Excluding every picture, print exactly the lines from the one containing "Style French Rainbow" through the end of the material below, both ends included.

(Data excerpt)

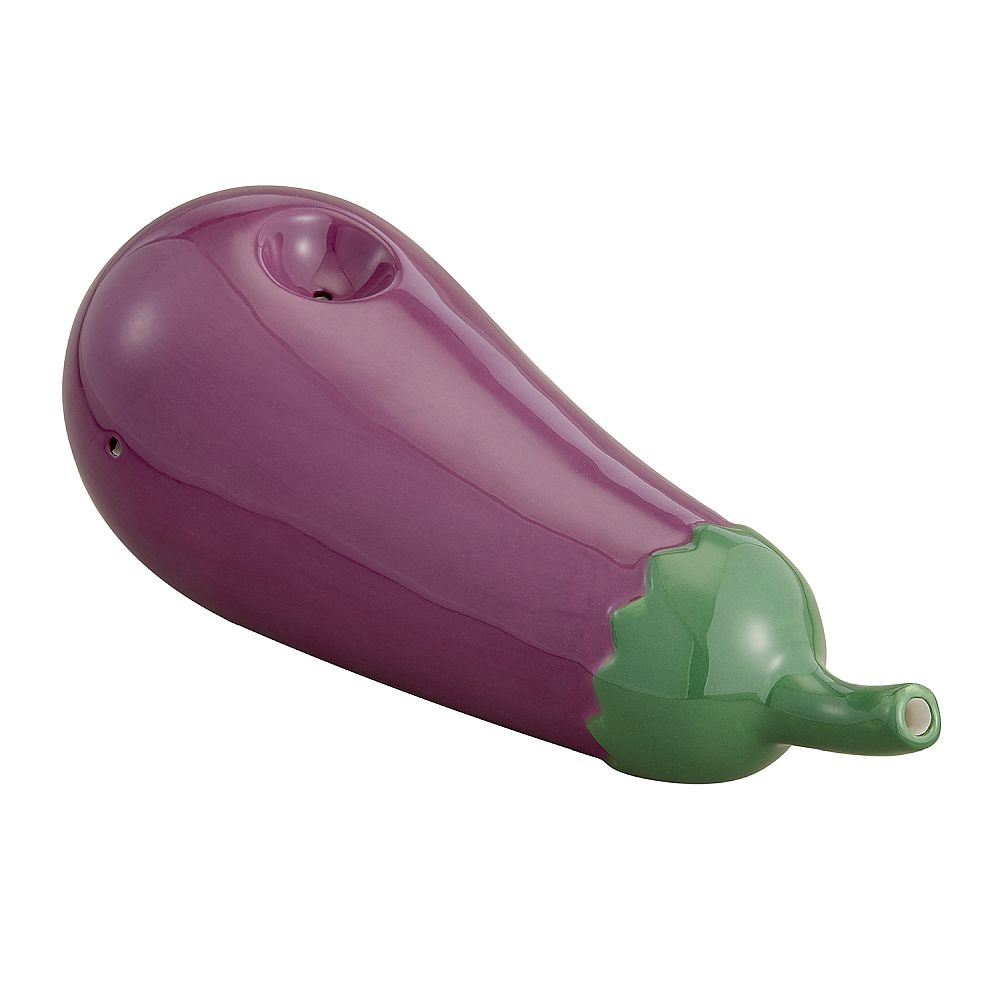 Eggplant Shaped Ceramic Pipe - High Moon Haven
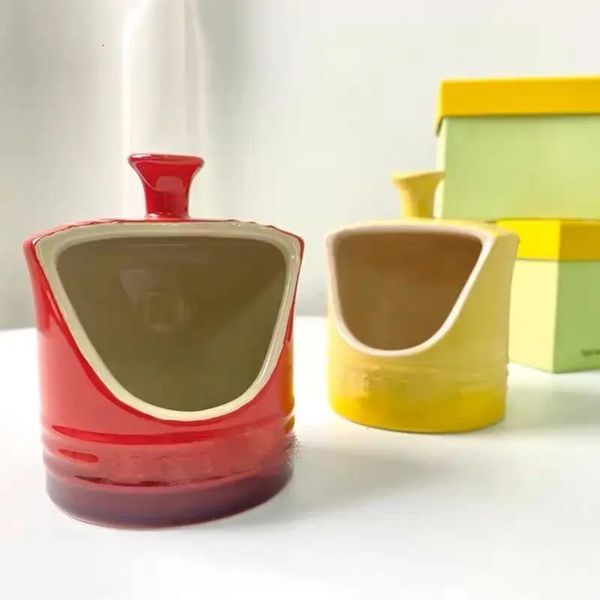 Style French Rainbow Seasoning Jar Tableware Kitchen Storage Jar Pot Lid Rack Ceramic Home Sugar Salt Chili Ja L26626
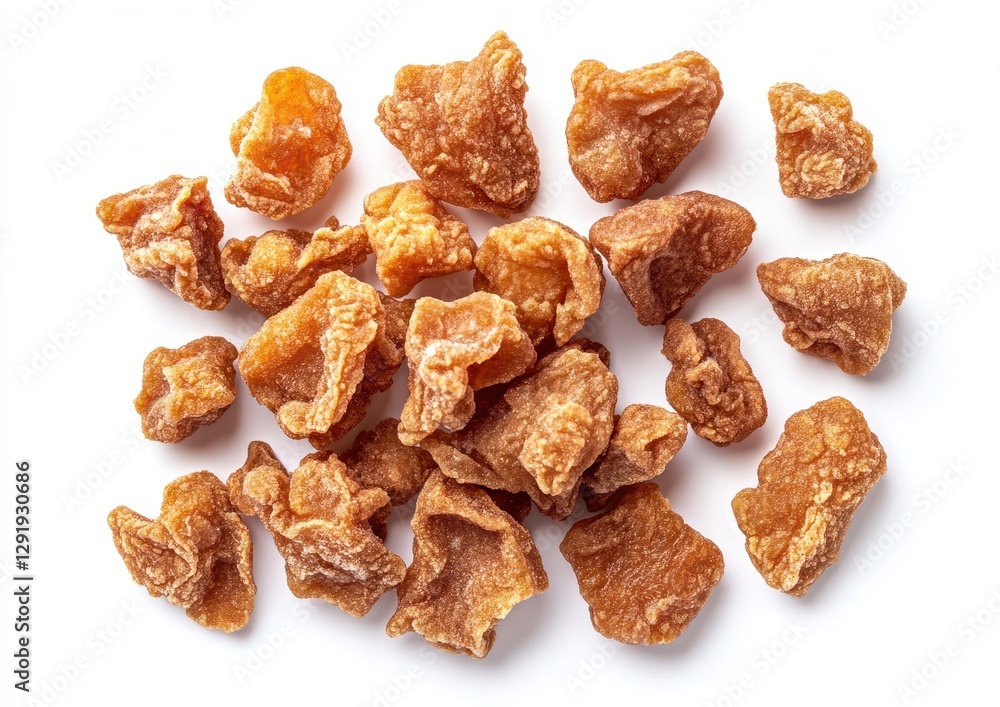 Organic golden brown resin pieces scattered on a white background showcasing natural texture and earthy tones ideal for food or ingredient representation Organic golden brown resin pieces scattered on a white background showcasing natural texture and earthy tones ideal for food or ingredient representation
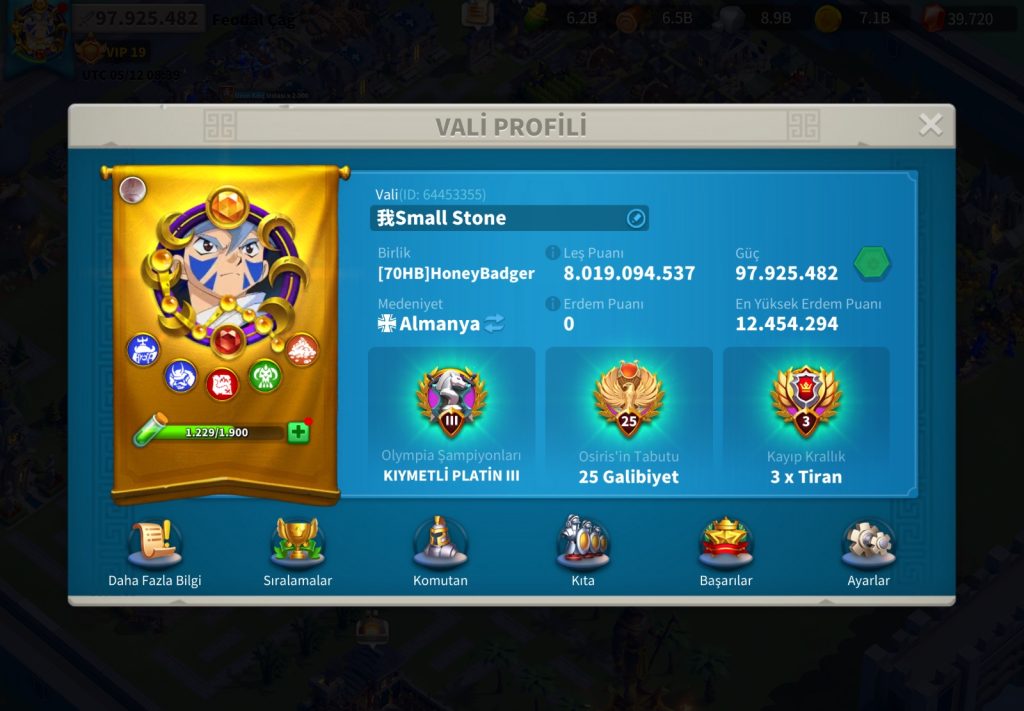 VİP19 // 5 KITA FULL SET LEGANDARY HESAP !  2547 GÜN HIZLANDIRMA ! 7B RSS ! 8B KP ! KELEPİR FİYATA SİZLERLE !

(End Data excerpt)

- Result of this task
 Style French Rainbow Seasoning Jar Tableware Kitchen Storage Jar Pot Lid Rack Ceramic Home Sugar Salt Chili Ja L26626
 Organic golden brown resin pieces scattered on a white background showcasing natural texture and earthy tones ideal for food or ingredient representation Organic golden brown resin pieces scattered on a white background showcasing natural texture and earthy tones ideal for food or ingredient representation
 VİP19 // 5 KITA FULL SET LEGANDARY HESAP !  2547 GÜN HIZLANDIRMA ! 7B RSS ! 8B KP ! KELEPİR FİYATA SİZLERLE !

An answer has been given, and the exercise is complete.